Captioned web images

·····

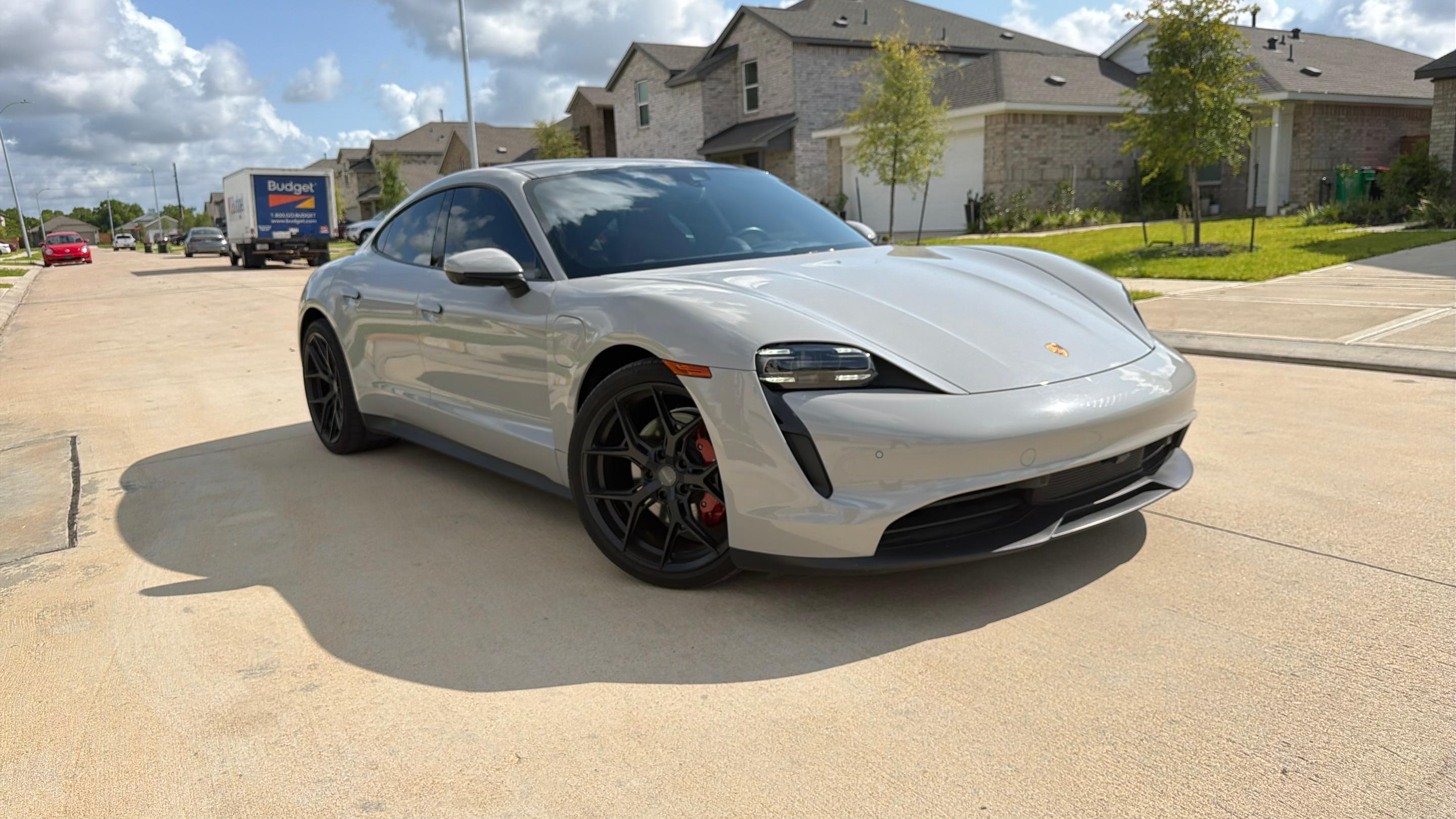Porsche Taycan 2023 in Katy, TX
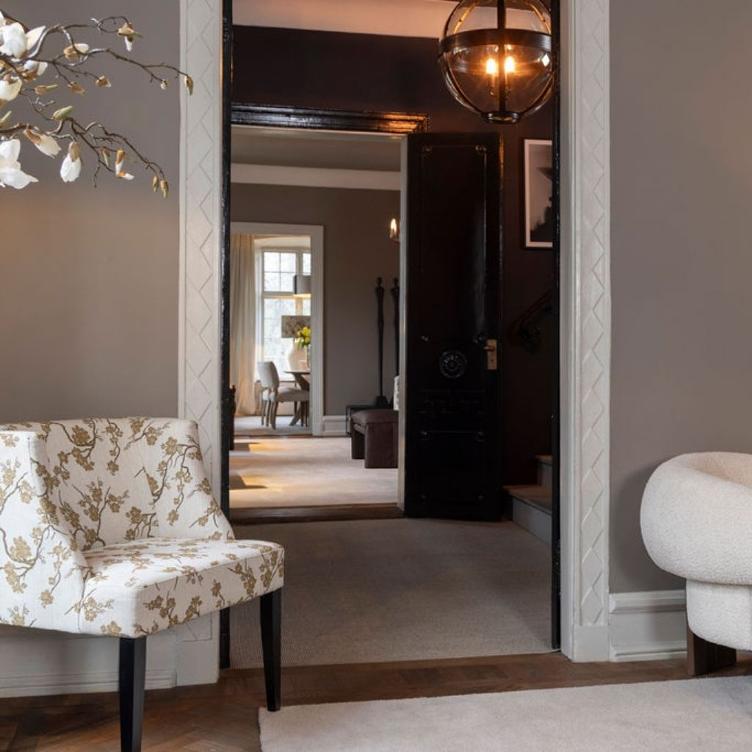 ASHBURY dining armchair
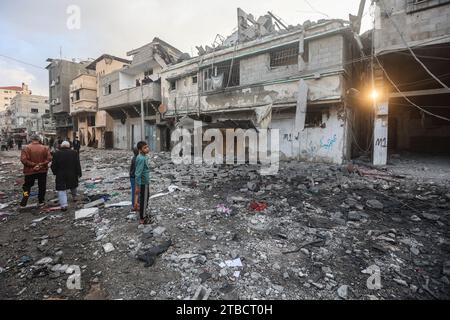 Khan Younis, territori palestinesi. 6 dicembre 2023. I palestinesi ispezionano la distruzione a seguito di un attacco aereo israeliano sul quartiere di al-Amal a Khan Younis. Credito: Ahmed Zakot/dpa/Alamy Live News Foto Stock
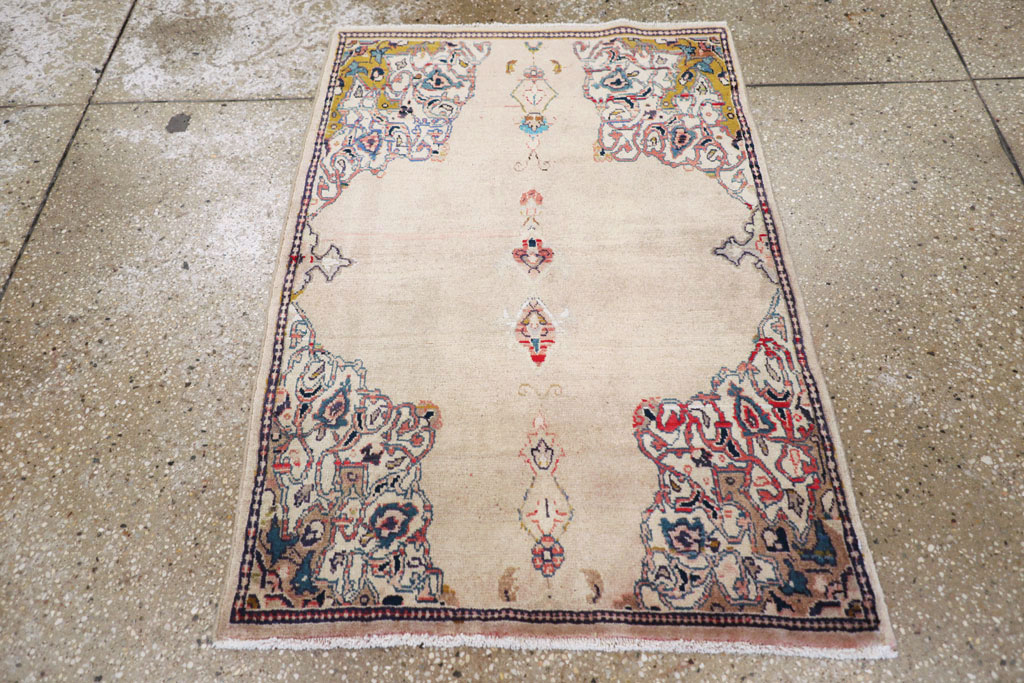 sarouk Rug - # 104918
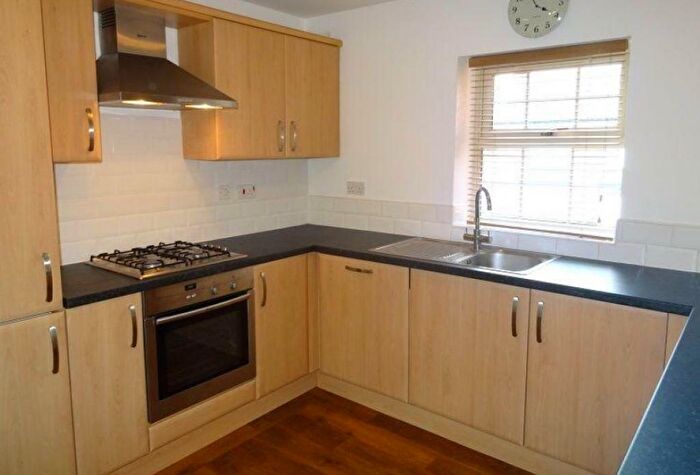 2 Bedroom Flat To Rent In A Midhill Road, Heeley, Sheffield, South Yorkshire, S2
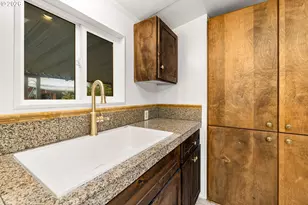 13115 SE Foster Rd, Portland, OR 97236 - Photo 31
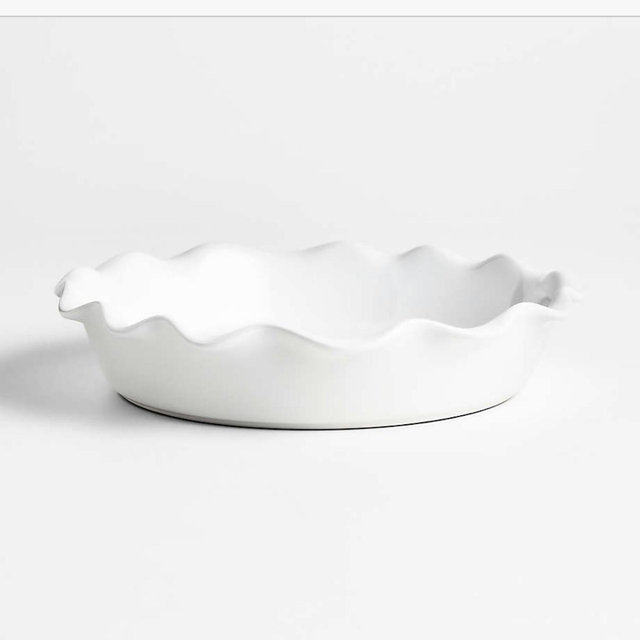 White Ruffle Pie Dish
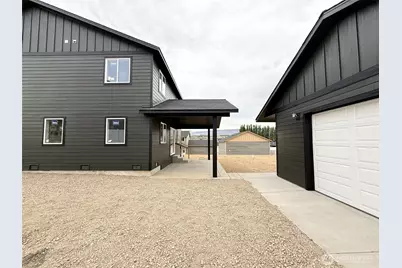 150 Juanita Way, Malaga, WA 98828 - Photo 24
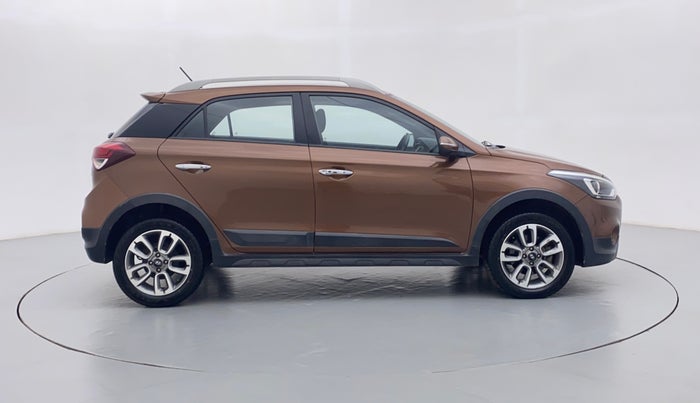 2015 Hyundai i20 Active 1.4 SX, Diesel, Manual, 81,878 km, Right Side View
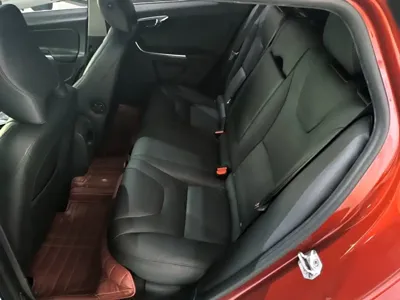 Volvo V60 2014, 136200 км, за 5767.7 USD - фото 17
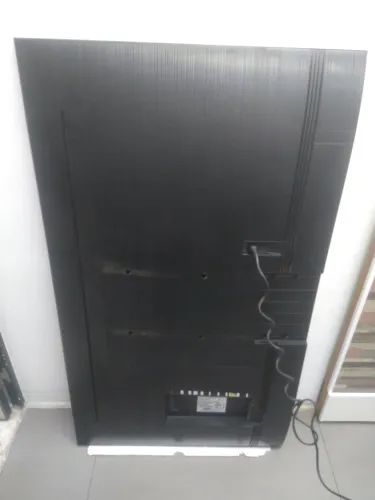 Tv Samsung UN55NU7400G tela Quebrada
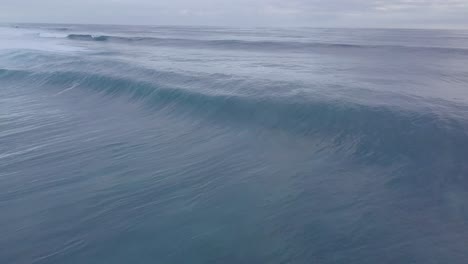 big waves and an active sea state in the indian ocean off the coast of western australia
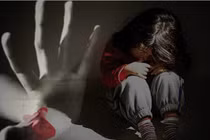 Anh 16 tuổi thường xuyên xem phim “nhạy cảm” rồi xâm hại 2 em gái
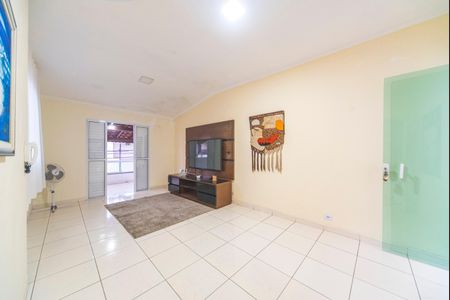 Casa à venda com 165m², 3 quartos e 2 vagas Casa à venda com 165m², 3 quartos e 2 vagasQuarto de Serviço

·····

What the task asks.
Restate word for word every line from the one with "2 Bedroom Flat" up to and including the one with "150 Juanita Way, Malaga, WA 98828 - Photo 24" in the records above, minus the pictures.

Your solution.
 2 Bedroom Flat To Rent In A Midhill Road, Heeley, Sheffield, South Yorkshire, S2
 13115 SE Foster Rd, Portland, OR 97236 - Photo 31
 White Ruffle Pie Dish
 150 Juanita Way, Malaga, WA 98828 - Photo 24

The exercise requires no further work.